======== GIVEN RECORDS

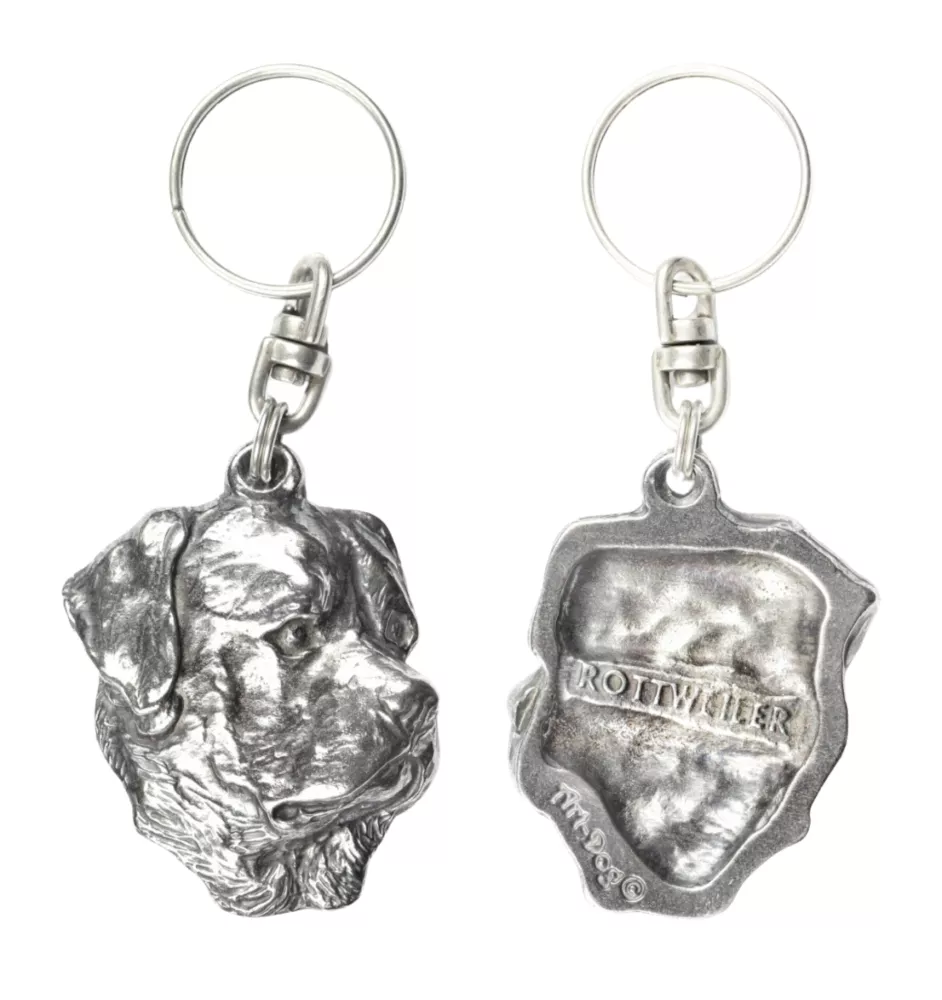 Rottweiler, Bouvier allemand I - Pendentif argenté avec un chien dans une boîte décorative, décoration de sac à main, pendentif de sac à dos par la marque Art-Dog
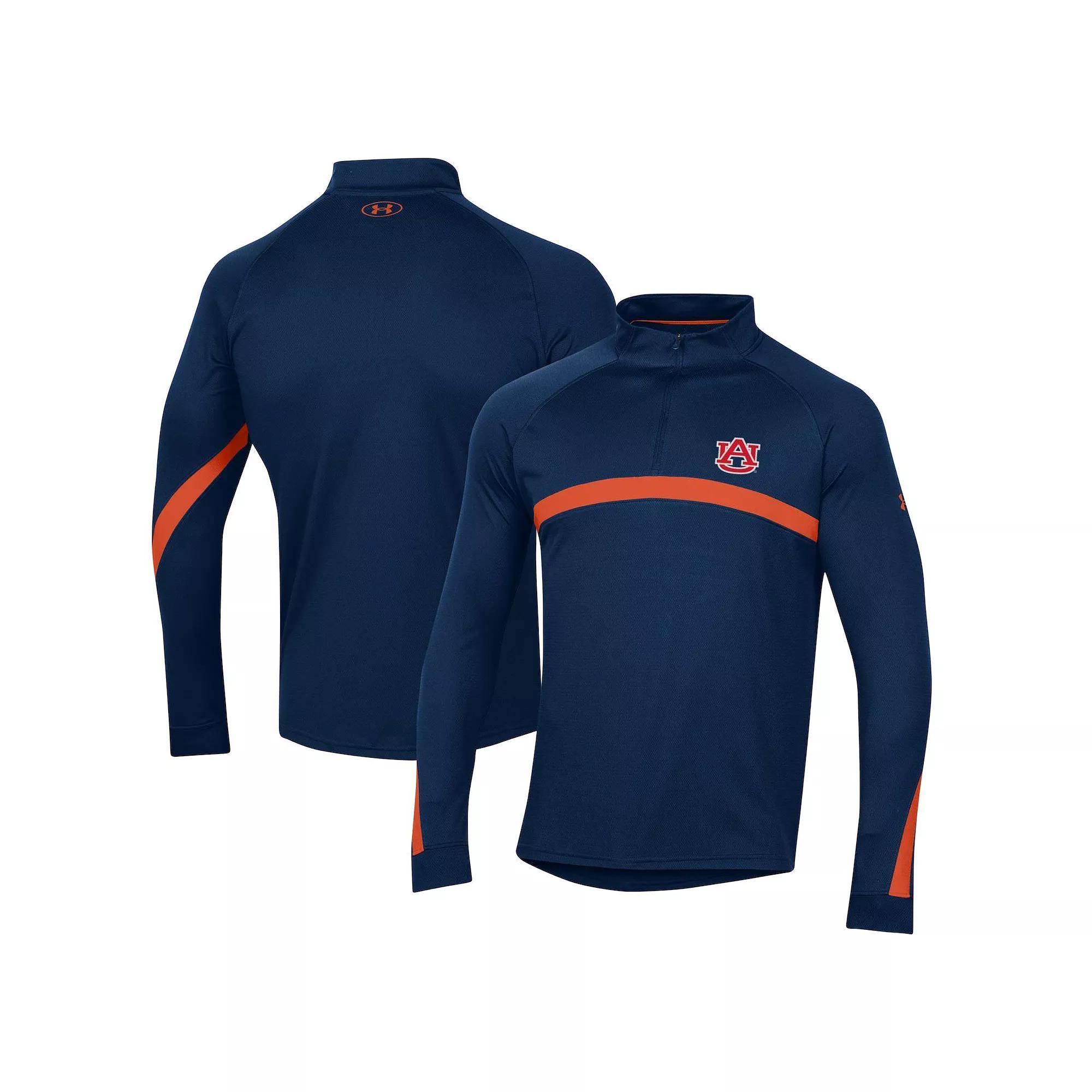 Men's Under Armour Navy Notre Dame Fighting Irish Game Day Camo Raglan Quarter-Zip Top,  Product Image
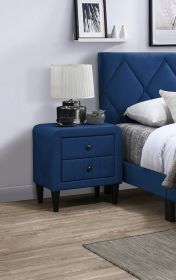 Navy Blue Velvet Nightstand with 2 Drawers, Tempered Legs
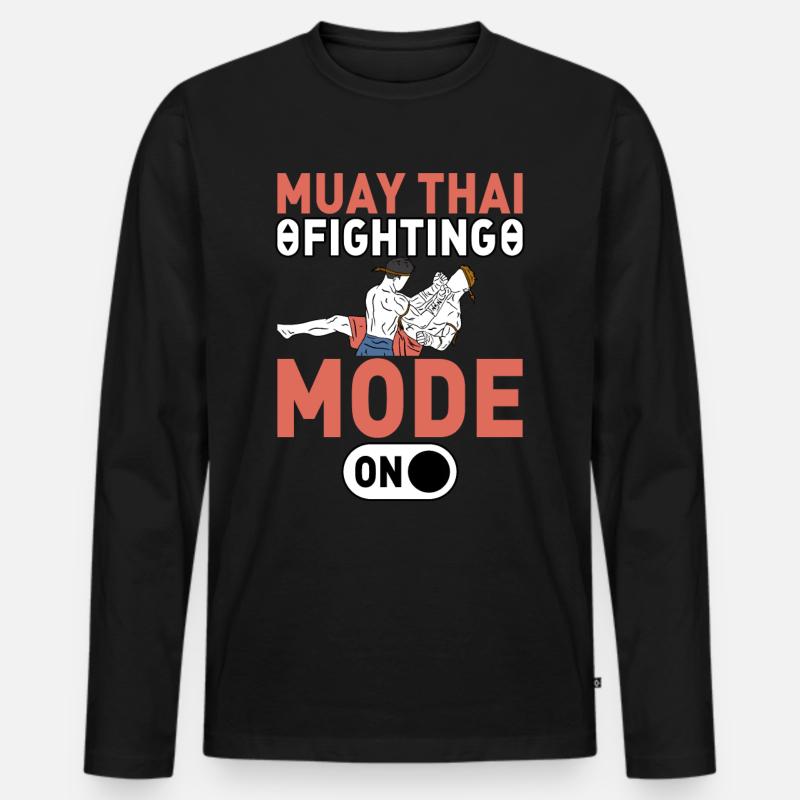 Muay Thai Kampfmodus an - Männer Premium Bio Langarmshirt - Schwarz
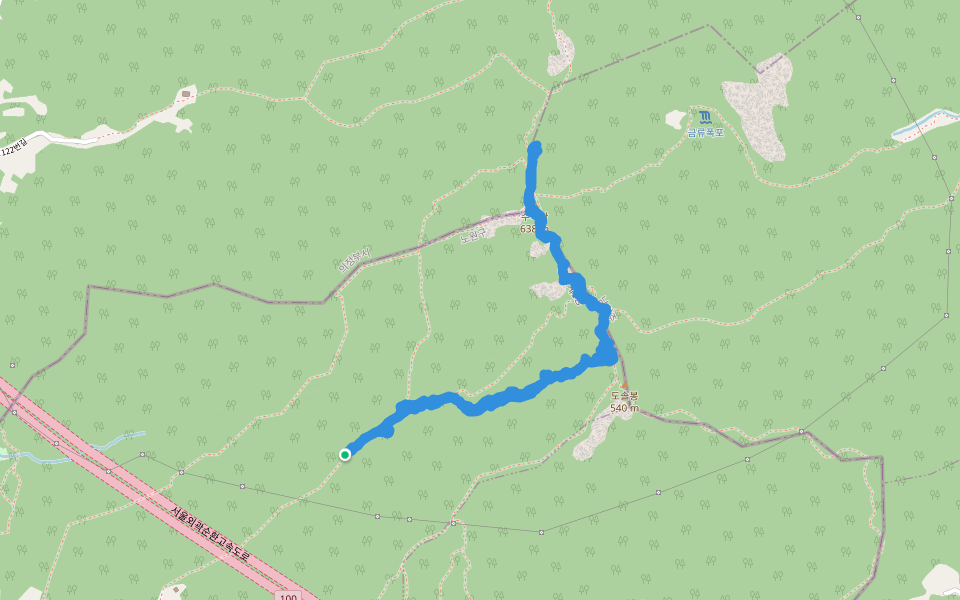 도솔봉-꼬끼리 바위 0.4Km 00:07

================

With the pictures omitted, write out exactly the lines from the one that contains "Muay Thai Kampfmodus" through the final line of the material above, both ends included.

 Muay Thai Kampfmodus an - Männer Premium Bio Langarmshirt - Schwarz
 도솔봉-꼬끼리 바위 0.4Km 00:07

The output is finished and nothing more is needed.